- Recorded information
Start of Block

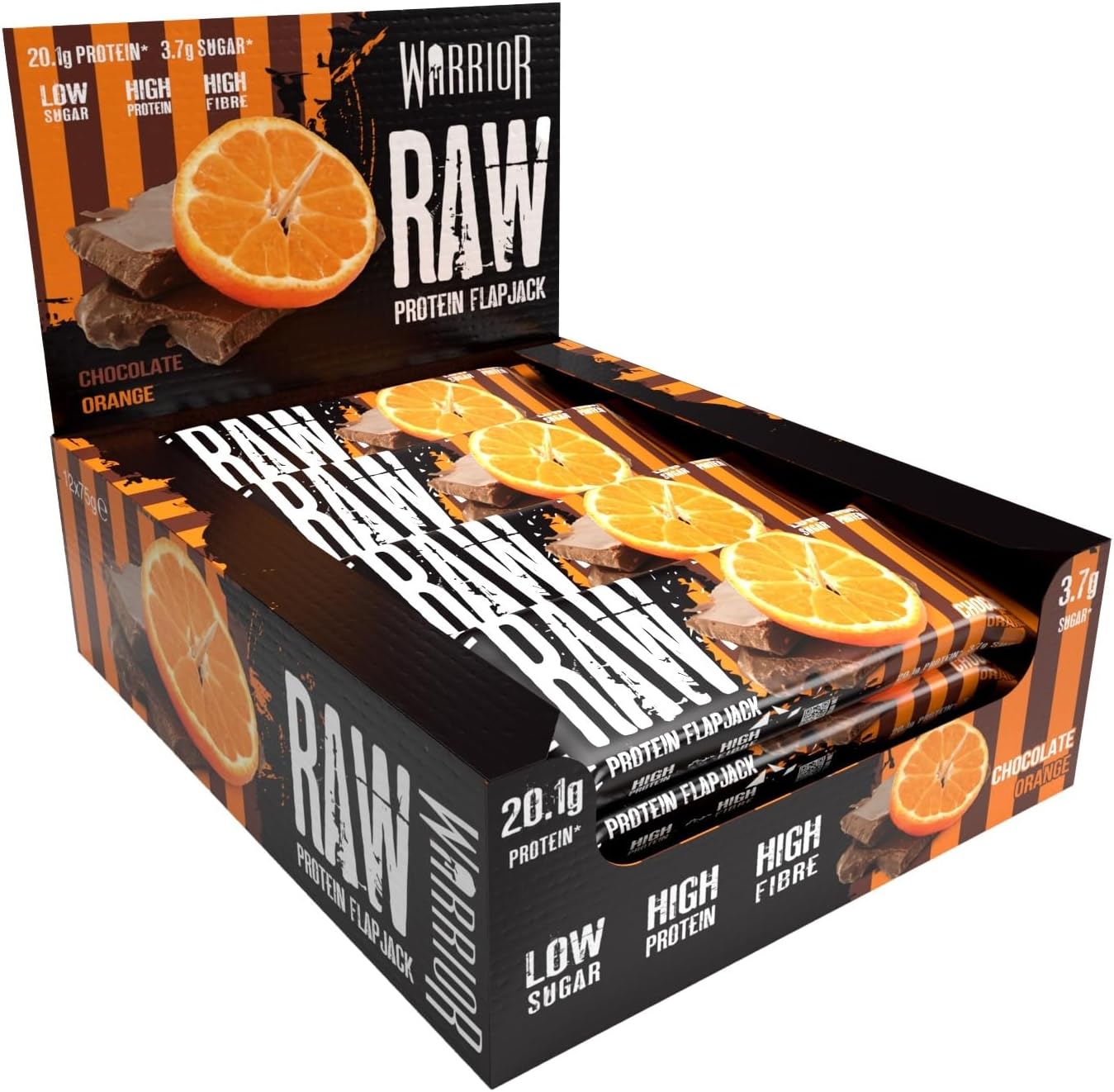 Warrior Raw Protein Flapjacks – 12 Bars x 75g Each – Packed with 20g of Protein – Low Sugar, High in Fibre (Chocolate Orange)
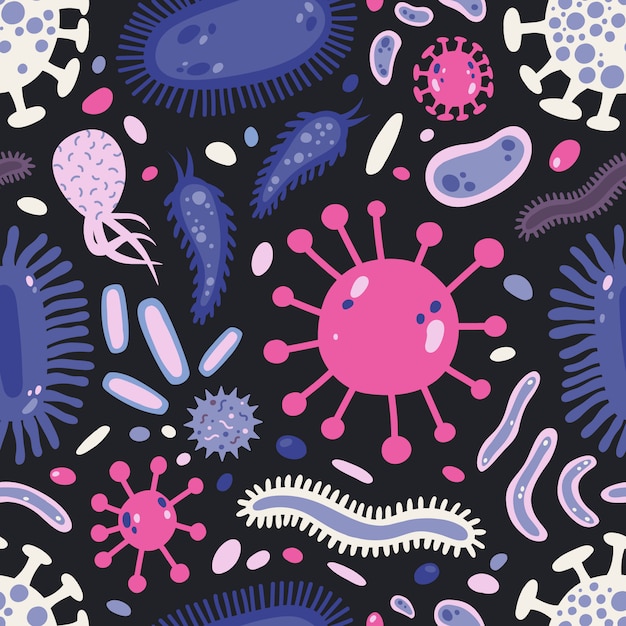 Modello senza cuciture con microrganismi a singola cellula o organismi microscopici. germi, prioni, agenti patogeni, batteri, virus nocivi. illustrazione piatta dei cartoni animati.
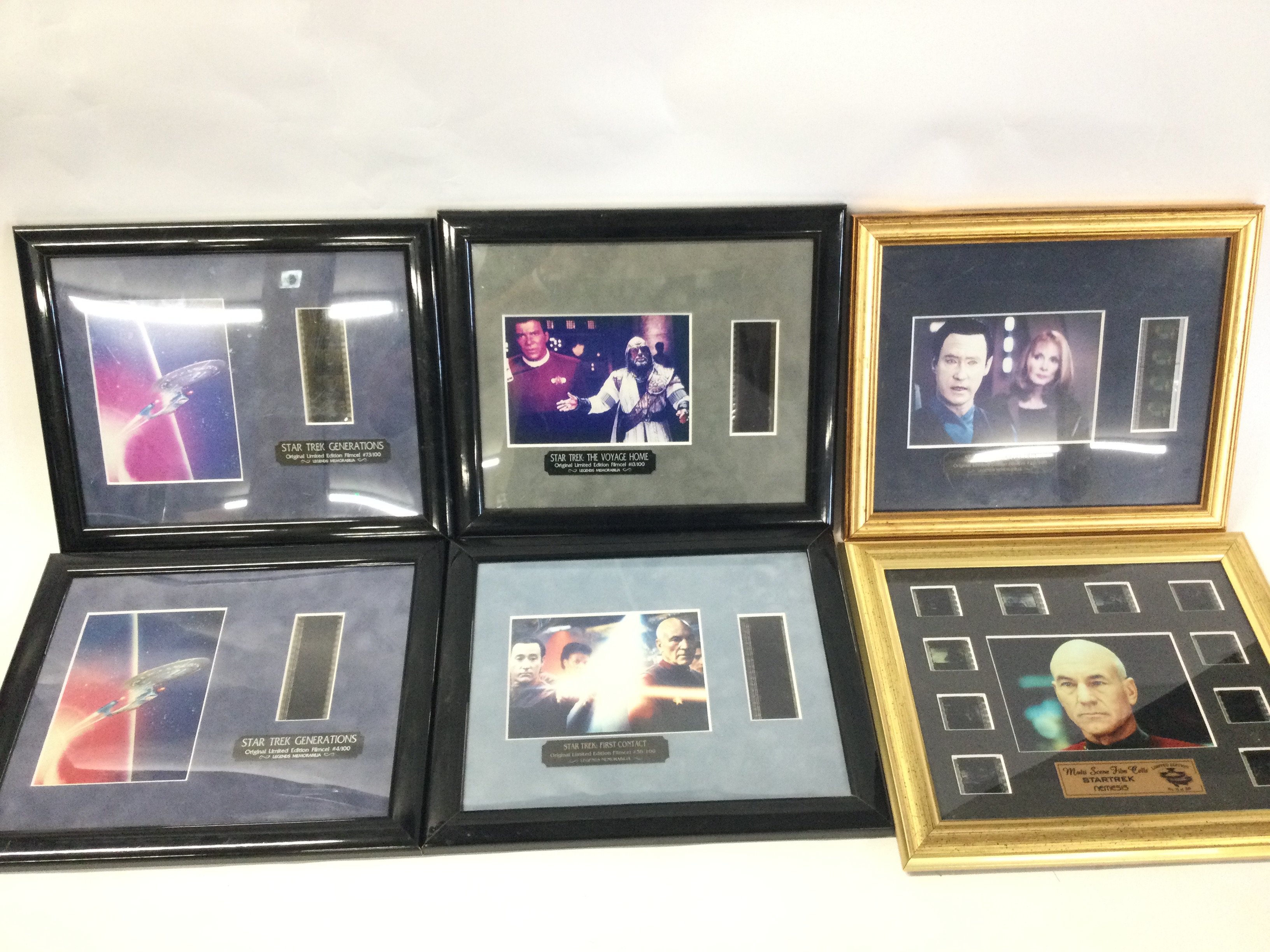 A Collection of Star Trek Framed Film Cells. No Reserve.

End of Block

- What you need to do
If a picture falls within the span, leave it out, and reproduce exactly the lines from the one containing "Modello senza cuciture" through the end of the material, and no others.

- Exercise result
 Modello senza cuciture con microrganismi a singola cellula o organismi microscopici. germi, prioni, agenti patogeni, batteri, virus nocivi. illustrazione piatta dei cartoni animati.
 A Collection of Star Trek Framed Film Cells. No Reserve.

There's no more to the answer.